:: Exercise ::
Below are some entries. Return exactly the lines from the one with "Calcarone, nebo-li Sulphur-kiln, na" through the final line, leaving out any pictures.

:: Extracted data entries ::
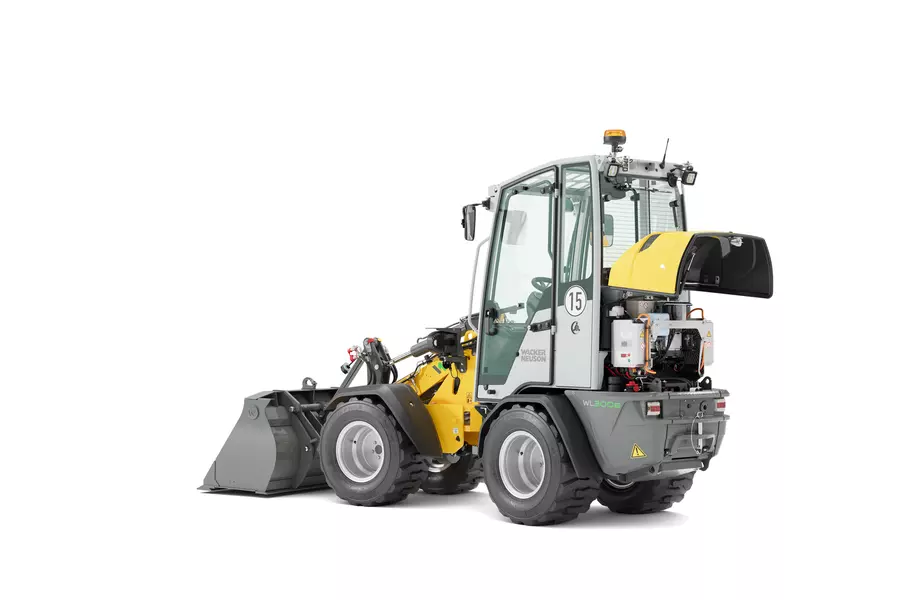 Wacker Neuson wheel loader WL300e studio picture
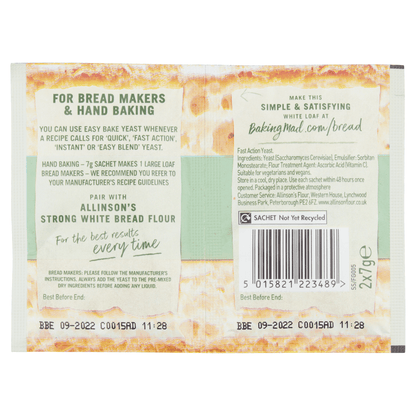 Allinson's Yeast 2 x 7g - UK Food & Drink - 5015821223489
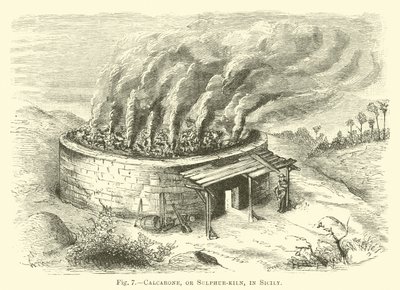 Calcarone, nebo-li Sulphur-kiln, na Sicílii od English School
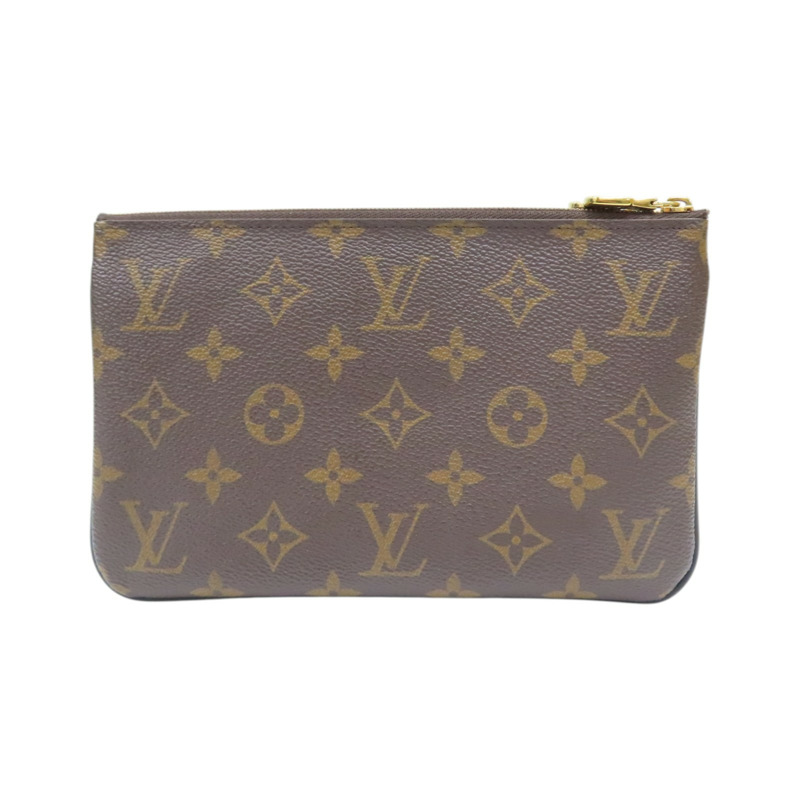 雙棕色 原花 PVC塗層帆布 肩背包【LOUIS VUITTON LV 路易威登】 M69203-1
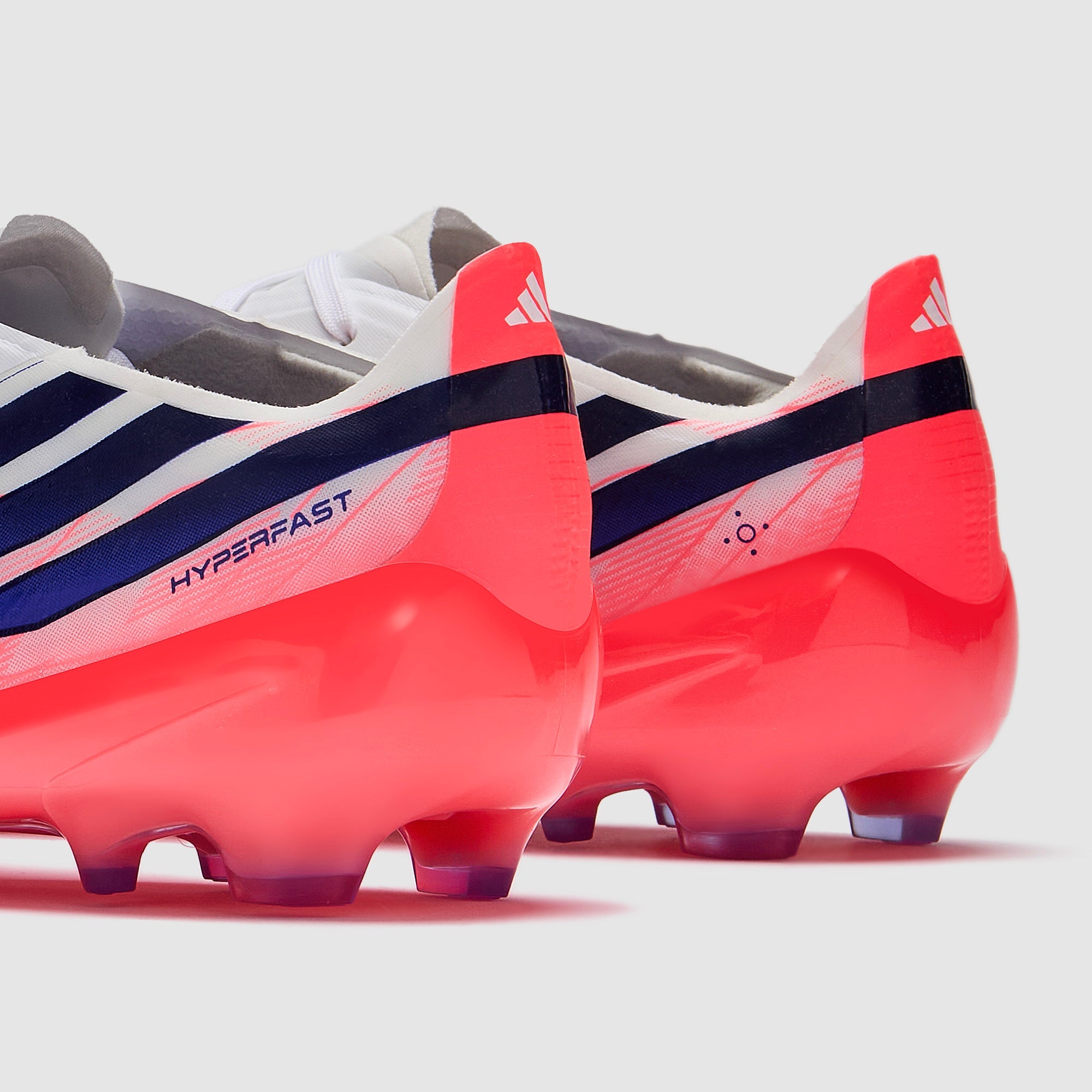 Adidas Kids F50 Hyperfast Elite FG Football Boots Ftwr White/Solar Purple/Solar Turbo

:: Result for this task ::
 Calcarone, nebo-li Sulphur-kiln, na Sicílii od English School
 雙棕色 原花 PVC塗層帆布 肩背包【LOUIS VUITTON LV 路易威登】 M69203-1
 Adidas Kids F50 Hyperfast Elite FG Football Boots Ftwr White/Solar Purple/Solar Turbo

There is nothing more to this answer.